TO DO: From top to bottom, return the listing exactly as it appears, omitting its images.

RECORDED INFORMATION:
=-=-=

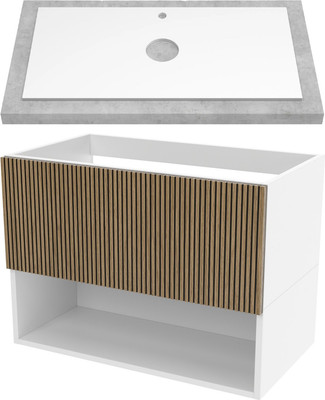 

Тумба для ванной, Кито-2 90 со столешницей T895C2 / 2K90LW0MRMC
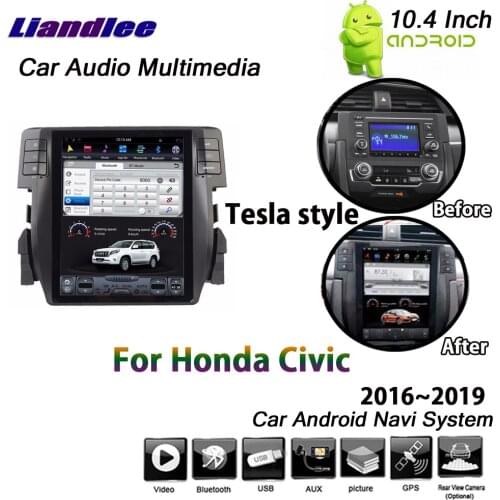 10.4 Inch For Honda Civic 2016-2019 Android 6.0 Multimedia Player Car Tesla Screen Carplay Wifi GPS Navigation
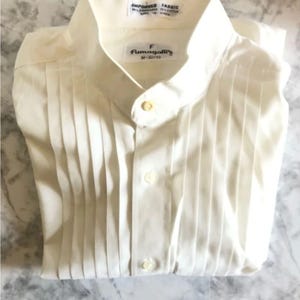 Vintage Fumagalli&#39;s Ivory Tuxedo Collarless Dress Shirt and Pleated Front (M)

=-=-=

SOLUTION:
Тумба для ванной, Кито-2 90 со столешницей T895C2 / 2K90LW0MRMC
 10.4 Inch For Honda Civic 2016-2019 Android 6.0 Multimedia Player Car Tesla Screen Carplay Wifi GPS Navigation
 Vintage Fumagalli&#39;s Ivory Tuxedo Collarless Dress Shirt and Pleated Front (M)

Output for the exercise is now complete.